Addressing a briefing at the World Economic Forum (WEF) in Cape Town, she said doing business was a complex problem, particularly for emerging businesses.

She spoke hours after President Cyril Ramaphosa said at a WEF event held by Brand SA that the government intends to make it easier to do business, because while the latest gross domestic product (GDP) data suggested there were “green shoots” of growth, in reality the economy was barely growing at all. 

PwC released the results of an opinion survey of more than 170 chief executives in Africa.

Ramaphosa said the investment promotion architecture would be reformed to remove policy, regulatory and other impairments to foreign direct investment, he said. 

South Africa ranks 82nd among 190 economies in the World Bank’s Ease of Doing Business Index. Ramaphosa said the government had set a target of reach 50.

Machaba said unemployment was more than 50 percent if one included the youth, and small businesses are the biggest employers in the country.

However, it takes 40 days, on average, to register a business in South Africa where, in many other countries, it can be done in zero to five days.

“Registration of companies, registration for taxes, meeting supply chain management policies, finding joint venture partners, finding emerging firms to be part of your supplier programme, the list just goes on and on,” said Machaba.

Dion Shango, the chief executive PwC Africa, US, said the survey showed that African chief executives were otherwise more moderately optimistic about the growth of their respective economies one year ahead, than their global counterparts, who had shown the sharpest increase in pessimism in 22 years, ever since the survey was started, due to ongoing uncertainties such as the deepening trade war between the US and China and Brexit.
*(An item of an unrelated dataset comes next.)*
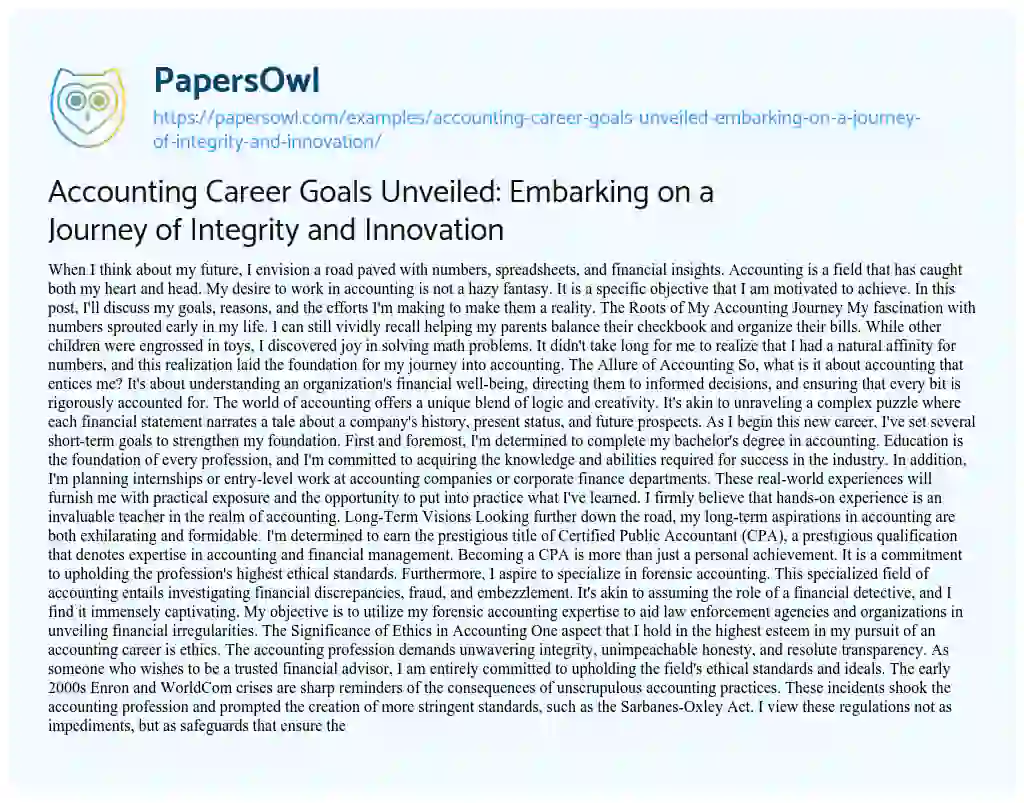 Essay on Accounting Career Goals Unveiled: Embarking on a Journey of Integrity and Innovation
A large number of chief executives in Africa reported they did not know where to look for new growth markets, this after traditional growth markets in the UK and Europe and slowed drastically.

Shango said the tragedy of Africa was that it had by far the biggest youth population in the world – many countries suffer from ageing populations – with the highest unemployment rates, but the chief executives of African companies said in the survey that the young people in Africa did not have “the appropriate skills that chief executives are looking for”.

The upskilling of the youth was an issue that both governments and private sector needed to address, he said.

Machaba said other risks to GDP growth in South Africa, as reported by the chief executives, were policy uncertainty, state-owned enterprise restructuring not being finalised, land reform, National Health Insurance  social stability and high unemployment.